Under a strategic drug development and commercialisation agreement signed in Seoul, Syntekabio will utilise its AI drug platform DeepMatcher® and their new AI Bio-Supercomputing (ABS) centre to rapidly identify drugs with potential to treat disease targets identified by Professor Sudha Rao and her team at QIMR Berghofer.
(From left) Syntekabio CEO Jeong Jong-seon, QIMR Berghofer Professor Sudha Rao and General Manager Business Development Dr Robert MacLachlan, and Syntekabio President Cho Hye-kyung
Professor Rao’s lab has discovered a target enzyme thought to play a major role in a common type of lung cancer and chronic obstructive pulmonary disease (COPD). It’s hoped Syntekabio’s AI simulation platform will screen millions of potential drugs to rapidly develop an optimised drug candidate against the target.

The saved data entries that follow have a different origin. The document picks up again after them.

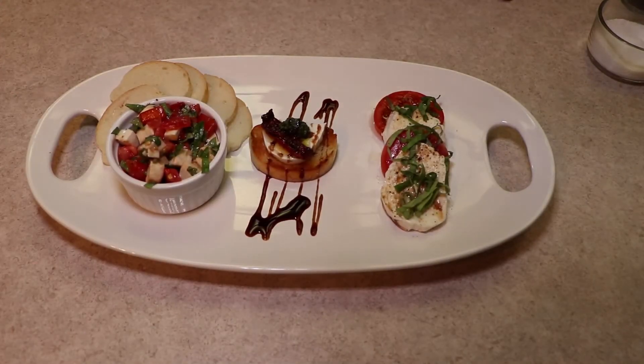So at the end of it, we've got what I'll call the three-way caprese. We've got kind of a caprese salsa — tomatoes, fresh mozzarella, fresh basil, olive oil, a little bit of balsamic vinegar, all chopped up and tossed together with some bread. We've got kind of like a gourmet version with some toasted French bread, some pesto that we made in a previous episode, some sun-dried tomatoes we made in a previous episode, fresh mozzarella, and a drizzle of a balsamic glaze. And then on the other side, we've got kind of that classic caprese — fresh tomatoes, fresh mozzarella, fresh basil, a little bit of oil, and a little bit of balsamic vinegar.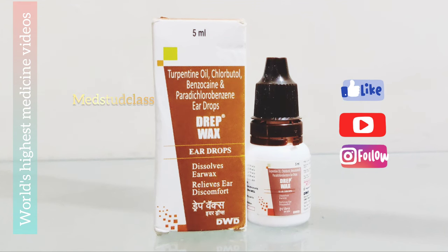Hello friends, welcome back to masterclass. In this video lecture I will be reviewing the drip wax ear drops.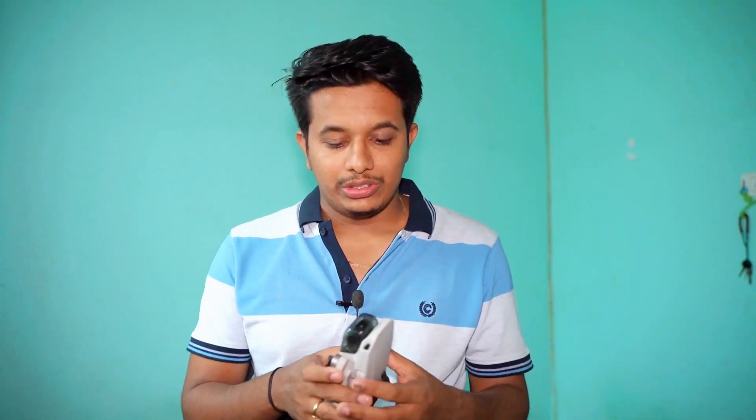Hello guys, welcome back to another video. You might know that my DJI Mini 2 recently crashed into salt water, and I didn't know what steps to follow to rescue the drone from salt water and how to save my DJI Mini 2 from getting completely dead. In this video, I'll be giving you the complete steps you have to follow to rescue your drone and make sure it won't get affected by salt water.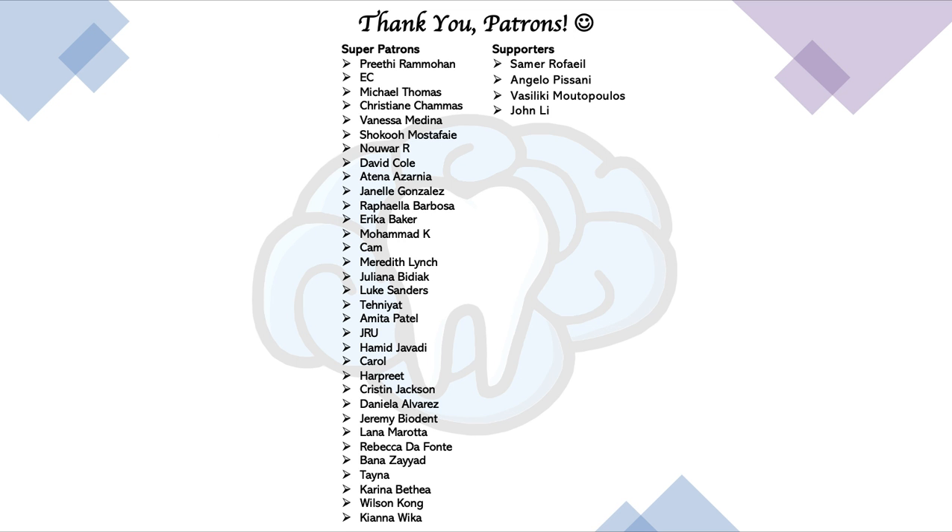Alright, so that's it for this short video. Thank you so much for watching. Please like this video if you enjoyed it, and subscribe to this channel for much more on dentistry. If you're interested in supporting me, please check out my Patreon page — you can unlock extra things like access to my video slide PDFs and practice questions for the board exams. The link will be in the description. Thanks again for watching, everyone. I'll see you in the next video.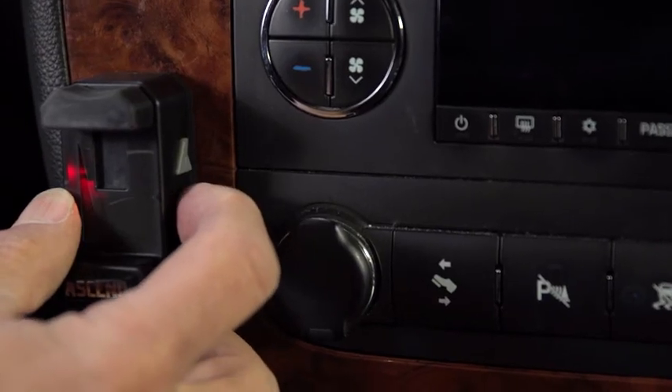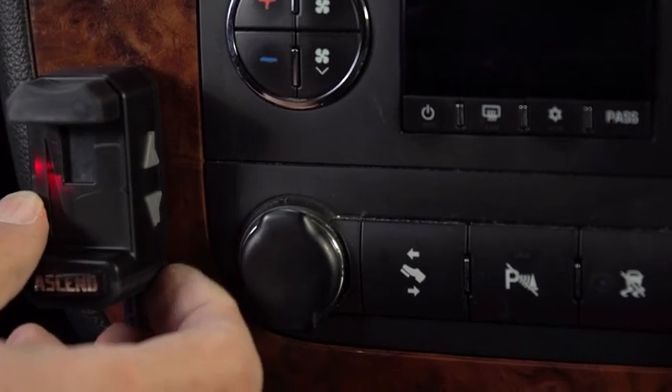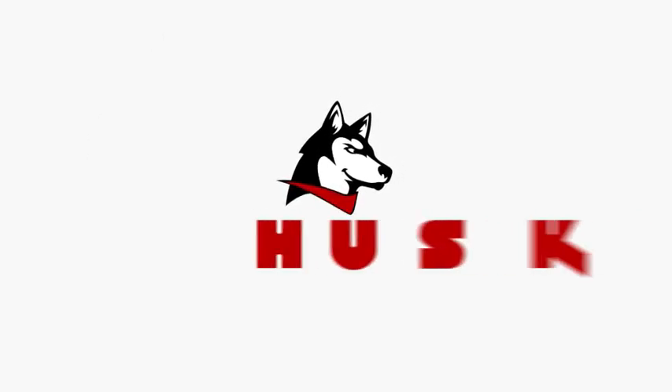Side buttons on the manual brake input provide a convenient way to input power and sensitivity settings, plus you get on-the-fly sensitivity adjustment with seven settings for different loads and driving conditions. The Husky Ascend brake control system is electric over hydraulic compatible and comes with a lifetime warranty.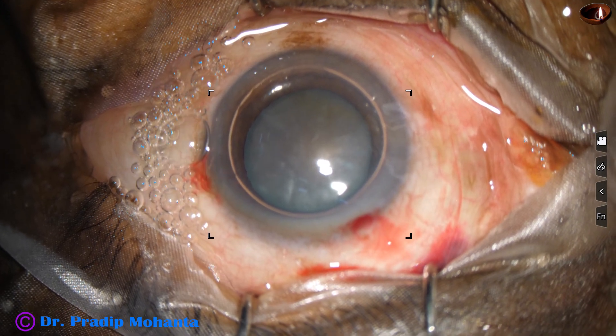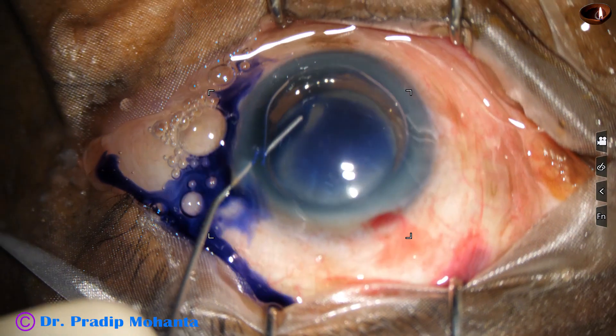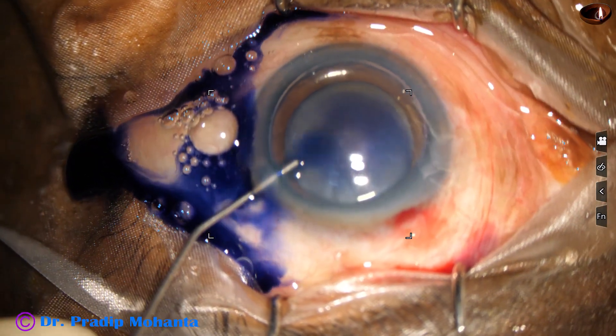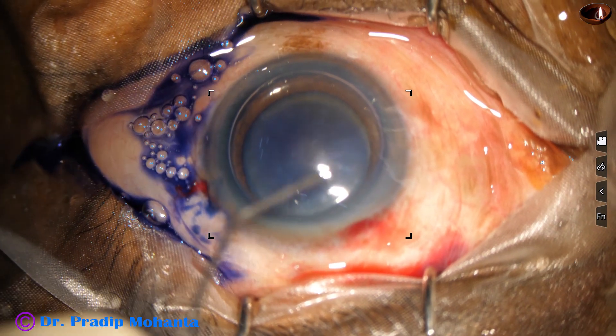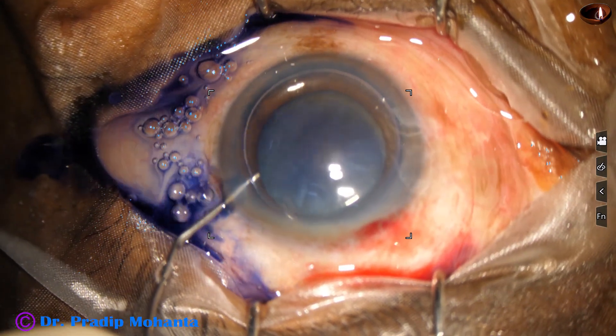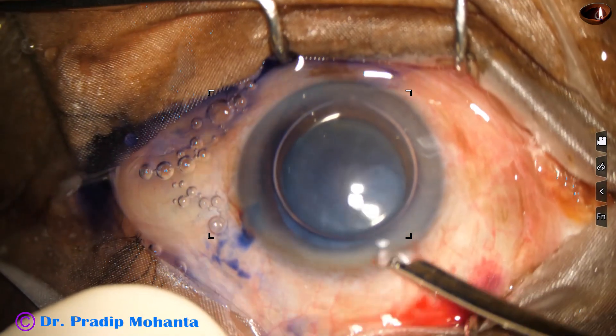An air bubble is injected. Underneath this air bubble, trypan blue dye is applied on all parts of the anterior capsule. Now this is a bit of adrenaline, and now the dye is washed out.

Professor Rao said artificial intelligence will slash the time taken to identify drugs from an average of six years to just one to two.
“AI technology will be used to carry out an exhaustive search for the best drugs to fight different cancers and chronic inflammation. Machine learning will allow us to rapidly search through millions of potential drug combinations, testing their interactions and validity, and creating new, potentially transformative treatments for patients.”
“The preferred drugs, identified by AI, will then move into clinical trials to be further validated and tested,” Professor Rao said.
“This new approach to drug exploration and drug design has the potential to make a profound difference in the lives of patients with metastatic solid cancer and chronic inflammation who have limited treatment options.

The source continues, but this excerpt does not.